A todos los que hicieron un buen trabajo durante la campaña les llegó un telegrama. En su interior contenía una beca para seguir los estudios en La Habana. Pablo, reconocido como el mejor educador de Jiquí, lo esperó impaciente. Lo esperó bastante tiempo. Una mañana se convenció de que su oportunidad había expirado. “De haberme llegado el mensaje, quizá hubiera sido un profesional, sin embargo, mi mamá lo escondió para no volver a separarse de mí. Y le agradezco, porque anduve por un camino largo que me ha dejado una gran experiencia”.
ESTIRPE GUERRERA
Además de la vocación de maestro, el gen de mambí corre por su alma. El padre fue criado por el capitán del Ejército Libertador y primer cura cubano de la iglesia Santo Cristo del Buen Viaje, Pablo Gonfaus Palomares, y por la parte materna, contaba con la figura de su abuelo, Aquiles Molina Salazar, oficial de las filas insurrectas. Como heredero de esa casta libertadora, Sarduy Molina se sumó a las luchas contra bandidos en la zona Camagüey-Ciego de Ávila, en la loma de Florencia, para erradicar las bandas que intentaban escapar a estas regiones.
Para no dejar dudas, Pablo marcó también las huellas de su estirpe en la misión internacionalista de Angola, como integrante del regimiento Gloria Combativa. En ese país conformó el grupo de exploración, en la sección de topogeodesia. Durante la contienda los binoculares, el telémetro y la goneometrobrújula fueron algunos de sus equipamientos, esenciales para trazar mejores estrategias en la contienda y evitar pérdidas entre las tropas cubanas.
“Tras desembarcar en Puerto Lobito, se decidió efectuar la ofensiva a la ciudad de Huambo. Las carreteras estaban tomadas por el enemigo de la Unita, así que tuvimos que desplazarnos por tren”. Sintió una reminiscencia de sus años de alfabetizador, de cuando se dirigía a La Habana con sus compañeros, un ritmo de conga, el olor a la dulce caña cubana. Pero, ahora, estaba en una guerra.
“El grupo de exploradores que estaba bajo mi mando desempeñó un rol decisivo. Con las habilidades de nuestros zapadores el paso de las caravanas camino a las ciudades a liberar fue más seguro”, refiere Pablo, quien puntualiza siempre en la labor meritoria que realizaron, desde el cocinero de una unidad hasta el operador de un BM-21.
“Angola fue un golpe de autoridad a los imperialistas.

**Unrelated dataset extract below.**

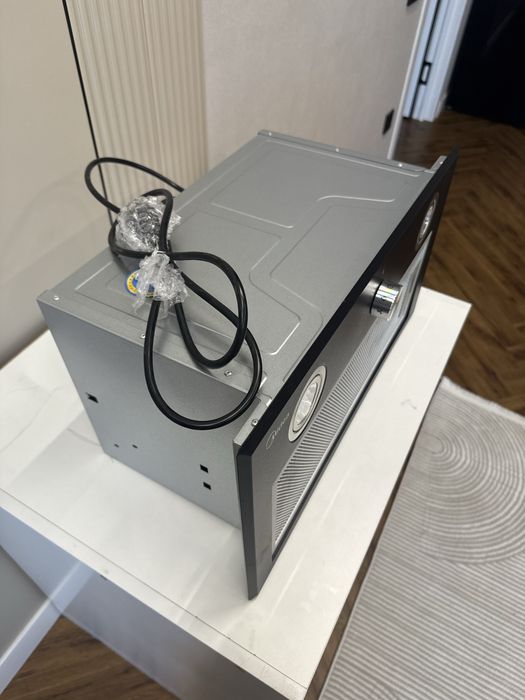 Вытяжка Midea MH601350B черная
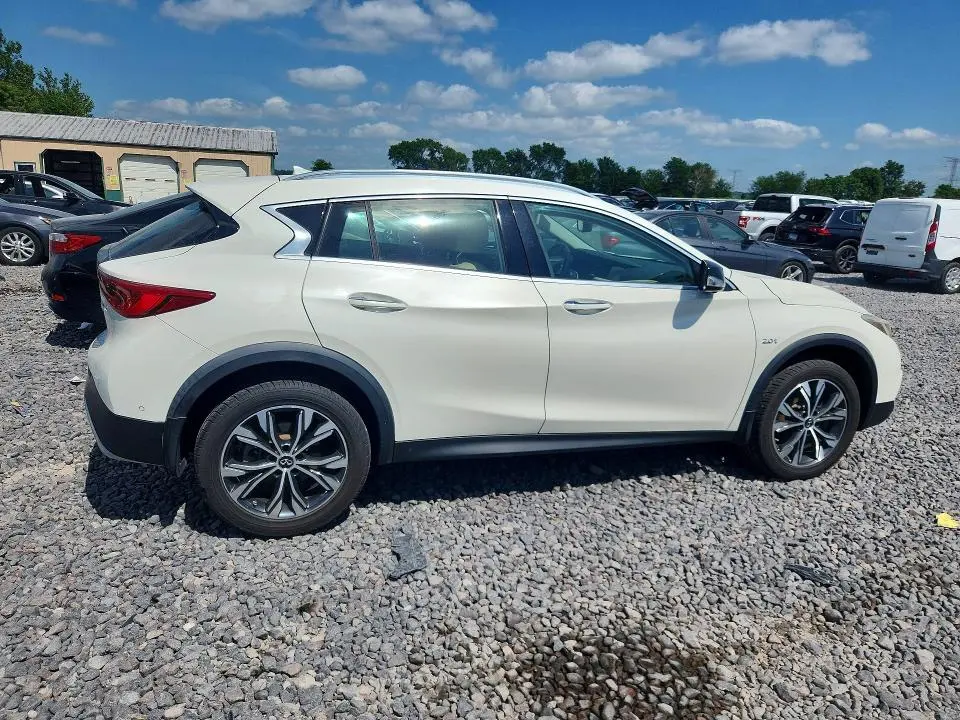 2018 INFINITI QX30 PREMIUM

Los cubanos sin destroyers, ni portaviones estábamos dispuestos a empujar, si hubiera sido preciso, al enemigo hasta su madriguera, como hicieron los soviéticos con los nazis, aunque, si lo analizamos bien, Cuba es un país bien pequeño… posibilitamos la victoria en 15 años y, en par de ocasiones, quedó derrotado el “invencible” ejército sudafricano. Ellos escribieron sobre una pared en ruinas que los Mig-23 les habían partido el corazón. No obstante, las Fapla y los cubanos, también lo hicimos”.
Pablo Emilio no se vanagloria de su trayectoria, pero sí de otras singularidades: “Como he tenido responsabilidades en la mayoría de los lugares en los que me han asignado, guardo en mi mente el nombre y los apellidos de todas las personas que han interactuado conmigo”. Expresa que pocas naciones en el mundo tienen una historia tan lograda por sus hijos, como la nuestra, con el filo del machete e ideales sinceros. Al menos yo, lo incluyo a él dentro de esa gente con determinación, útil. También a su madre, por haber escondido aquel telegrama.